Thursday, 10 May 2012

Pit bull Terrier, a restricted breed; Time to regulate pet shops!

Cross-bred bull terrier a restricted breed, says vet dept D-G

PETALING JAYA: The dog that attacked and killed 74-year-old Yip Sun Wah is a miniature bull terrier cross which is a restricted breed in Malaysia.

Restricted breeds were not suitable as household pets, said Veterinary Services Department (DVS) director-general Datuk Dr Abdul Aziz Jamaluddin.

Such breeds, he added, were only meant for the use of military and enforcement agencies and not to be kept as pets.

He added that bull terriers were allowed to be kept as guard dogs providing they were given proper training and schooling.

“When an application is made to the local council for a licence for a restricted breed, the municipal agency will only issue the licence based on our recommendation,” said Dr Abdul Aziz. He said the DVS has published a guidebook to outline breed classification.

The guidelines can also be obtained at http://www.dvs.gov.my/web/guest/listband.

Dr Abdul Aziz also said restricted breeds were not supposed to be sold in pet shops.

He added that the DVS was currently doing a trace to determine the supplier and find out how a restricted breed could have been made available to the owner.

“I will instruct our enforcement unit to check all pet shops to see if they are selling banned and restricted dog breeds,” said Dr Abdul Aziz.

Meanwhile, dog trainer Wellington Ho said bull terriers have very powerful jaws.

“There is a mechanism in the jaw which tends to lock up when it is clamped shut,” he said.

However, Ho was quick to point out that he personally knew of domesticated bull terriers that have been properly socialised.

“They have very sweet temperaments once they are properly socialised,” he said.

The dog that killed Yip had a valid licence issued by the Subang Jaya Municipal Council.

The case will be investigated by the police under Section 304(a) of the Penal Code for causing death by negligence, which carries a maximum of two years' jail, a fine or both. - The Star


Images for the american pitbull graphics

Time to regulate pet shops, say canine welfare groups

By WANI MUTHIAH wani@thestar.com.my

PETALING JAYA: Canine welfare groups are outraged over the death of 74-year-old Yip Sun Wah after he was mauled by a miniature bull terrier cross.

They claimed that one of the reasons behind Yip's death was the poor regulation of pet shops, which sell restricted breeds suspected of being obtained from backyard breeders.

Save a Stray founder Jacqueline Tsang said Yip's tragic death was due to irresponsible breeders who did not ensure the bull terrier's owner had the expertise to handle the dog.

“I also hold the enforcers liable for not ensuring the restriction (on restricted breeds) was being properly implemented,” said Tsang.

Canine rescue project Malaysian Dogs Deserve Better coordinator Irene Low said it was time for the authorities to seriously regulate pet shops that sold such animals.
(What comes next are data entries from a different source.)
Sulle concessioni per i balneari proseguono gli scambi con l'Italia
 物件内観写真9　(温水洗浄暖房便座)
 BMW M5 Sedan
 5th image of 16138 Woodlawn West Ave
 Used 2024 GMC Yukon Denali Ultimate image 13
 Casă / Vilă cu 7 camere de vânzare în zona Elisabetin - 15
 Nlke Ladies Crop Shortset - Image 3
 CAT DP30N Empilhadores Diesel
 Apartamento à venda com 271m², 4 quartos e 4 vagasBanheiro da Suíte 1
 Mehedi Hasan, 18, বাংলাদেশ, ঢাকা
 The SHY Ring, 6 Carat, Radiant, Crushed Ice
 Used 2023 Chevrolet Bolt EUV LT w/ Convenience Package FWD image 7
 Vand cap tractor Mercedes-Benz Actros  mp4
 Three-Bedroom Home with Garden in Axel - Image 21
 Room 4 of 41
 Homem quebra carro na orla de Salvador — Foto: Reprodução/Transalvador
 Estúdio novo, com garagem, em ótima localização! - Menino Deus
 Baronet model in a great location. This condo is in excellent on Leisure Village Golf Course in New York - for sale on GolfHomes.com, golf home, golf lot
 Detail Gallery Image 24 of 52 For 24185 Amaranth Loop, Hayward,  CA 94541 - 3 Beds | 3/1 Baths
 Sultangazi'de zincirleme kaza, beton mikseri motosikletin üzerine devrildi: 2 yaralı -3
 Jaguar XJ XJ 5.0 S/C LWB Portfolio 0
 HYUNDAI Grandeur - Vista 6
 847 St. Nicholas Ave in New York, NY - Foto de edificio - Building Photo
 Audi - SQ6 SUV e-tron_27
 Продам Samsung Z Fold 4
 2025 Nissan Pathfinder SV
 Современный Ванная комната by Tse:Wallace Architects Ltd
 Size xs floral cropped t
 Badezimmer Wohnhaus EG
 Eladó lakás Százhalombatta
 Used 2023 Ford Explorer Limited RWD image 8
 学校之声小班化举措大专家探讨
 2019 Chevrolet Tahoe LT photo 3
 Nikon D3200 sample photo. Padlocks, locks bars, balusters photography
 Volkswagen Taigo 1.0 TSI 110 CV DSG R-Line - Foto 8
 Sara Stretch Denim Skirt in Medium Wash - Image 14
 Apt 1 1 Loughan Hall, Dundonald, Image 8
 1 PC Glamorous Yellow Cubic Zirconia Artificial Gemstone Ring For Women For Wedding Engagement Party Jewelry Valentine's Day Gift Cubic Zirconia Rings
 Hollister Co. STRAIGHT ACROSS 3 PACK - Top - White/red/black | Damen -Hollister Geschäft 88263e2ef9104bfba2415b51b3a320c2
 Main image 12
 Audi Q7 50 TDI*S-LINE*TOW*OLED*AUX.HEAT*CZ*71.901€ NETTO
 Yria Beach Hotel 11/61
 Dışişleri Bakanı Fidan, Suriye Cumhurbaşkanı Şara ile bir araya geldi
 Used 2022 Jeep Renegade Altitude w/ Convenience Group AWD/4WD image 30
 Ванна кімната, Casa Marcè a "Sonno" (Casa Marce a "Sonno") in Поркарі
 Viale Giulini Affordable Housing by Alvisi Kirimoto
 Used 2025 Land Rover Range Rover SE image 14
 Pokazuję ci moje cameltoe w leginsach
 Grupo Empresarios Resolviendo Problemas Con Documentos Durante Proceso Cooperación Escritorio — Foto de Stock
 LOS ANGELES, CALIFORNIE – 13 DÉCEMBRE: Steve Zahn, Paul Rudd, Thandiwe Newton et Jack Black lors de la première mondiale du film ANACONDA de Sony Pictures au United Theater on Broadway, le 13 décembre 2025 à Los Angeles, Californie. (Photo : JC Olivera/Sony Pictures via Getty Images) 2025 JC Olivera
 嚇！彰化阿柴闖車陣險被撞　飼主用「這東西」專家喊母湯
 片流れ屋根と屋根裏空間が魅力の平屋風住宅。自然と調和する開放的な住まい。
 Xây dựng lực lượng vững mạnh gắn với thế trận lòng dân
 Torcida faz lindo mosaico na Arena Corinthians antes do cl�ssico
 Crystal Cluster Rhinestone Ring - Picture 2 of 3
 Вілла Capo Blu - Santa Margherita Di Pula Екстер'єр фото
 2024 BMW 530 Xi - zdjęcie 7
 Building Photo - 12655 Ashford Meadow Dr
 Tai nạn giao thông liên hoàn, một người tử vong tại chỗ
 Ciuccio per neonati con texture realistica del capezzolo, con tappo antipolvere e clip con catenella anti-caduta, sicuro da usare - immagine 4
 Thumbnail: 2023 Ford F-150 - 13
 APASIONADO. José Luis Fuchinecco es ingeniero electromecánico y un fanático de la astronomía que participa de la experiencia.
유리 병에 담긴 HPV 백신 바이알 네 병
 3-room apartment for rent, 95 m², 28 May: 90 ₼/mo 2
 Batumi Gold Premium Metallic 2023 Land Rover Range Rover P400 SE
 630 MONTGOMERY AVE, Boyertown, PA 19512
“Only then can backyard breeders, who carry out unethical breeding, be put out of business as they would not have a platform to sell their dogs and puppies,” she said.

According to Low, unethical breeders also had a tendency to cross-breed dogs that were not compatible with each other.

“When indiscriminate cross-breeding is done, it can seriously affect the dogs' temperament,” she said.

Furry Friends Farm founder Sabrina Yeap said the temperament of a dog was usually influenced by the environment it was brought up in.

“Whatever the breed, what matters most is the upbringing. I personally know of bull terriers that are loving family pets,” said Yeap.

KL Pooch Rescue co-founder Shannon Lam said the loss of a father and husband to any violent attack was unspeakable.

“Equally tragic is a society that seeks to punish a beast for behaving as such rather than punishing those who are behind its aggression,” she added.

Meanwhile, sources say several rescue groups are getting together to request the authorities not to euthanise the dog.

Dog trainer and G-Pet Boarding and Training Centre Carlos Huertez said he would take the dog in if the authorities were willing to hand over the bull terrier.